Tu puoi cercare davvero di comportarti bene, di essere rispettoso con tutti, di cercare di fare attenzione agli altri. E farli incazzare lo stesso. Puoi lavorare al meglio, in modo serio ed entusiasta, e ritrovarti comunque sull’orlo del licenziamento. Puoi dare il meglio di te cercando di non pestare i piedi a nessuno, e dare fastidio lo stesso, scatenando ritorsioni e guerre.

Come uomo di fede, tutto questo qualcosa può insegnarmi. Sicuramente può insegnarmi che nulla è in mio potere, che devo affidarmi a Dio e alla vita, non pretendere di controllare tutto. E accettare che le cose brutte accadono anche se tu cerchi di fare del tutto per non farle accadere.

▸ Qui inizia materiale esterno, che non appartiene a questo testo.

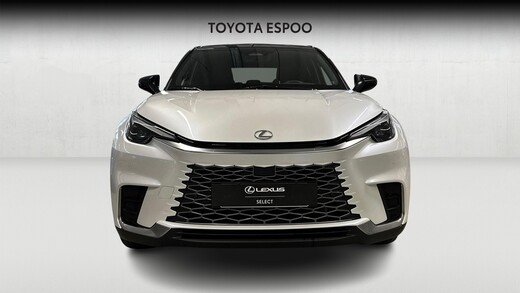Lexus LBX vaihtoauto
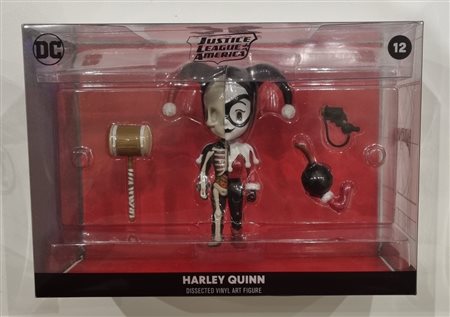 XXRAY . (.) 2021 Harley Quinn 2019 Scultura Vinile/vinyl sculpture...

A queste situazioni drammatiche e ad altre piccole e grandi delusioni umane (per non parlare di complotti e intrallazzi subiti) hanno fatto da contraltare però le amicizie ritrovate, le sorprese meravigliose arrivate per il matrimonio e per il funerale, con persone che mai avrei pensato di potere avere al mio fianco, e che invece c’erano.

Un capitolo a parte – o almeno un paragrafo – lo merita l’Istituto Giovanni Paolo II, dove lavoro da due anni e che – insieme all’Istess – ha assorbito quasi tutte le energie di questo 2022 (ben più di mamma e del matrimonio!).

Al di là della straordinaria esperienza di lavoro (il convegno alla Gregoriana ne ha rappresentato sotto tutti i punti di vista un momento incredibile), le udienze con il Papa (che in realtà sono state tre – se ci mettiamo anche quella in cui ho accompagnato Beata, per l’incontro con il Corpo diplomatico), a segnare quest’anno è stata davvero la trasformazione – per me – di un luogo di lavoro in una famiglia.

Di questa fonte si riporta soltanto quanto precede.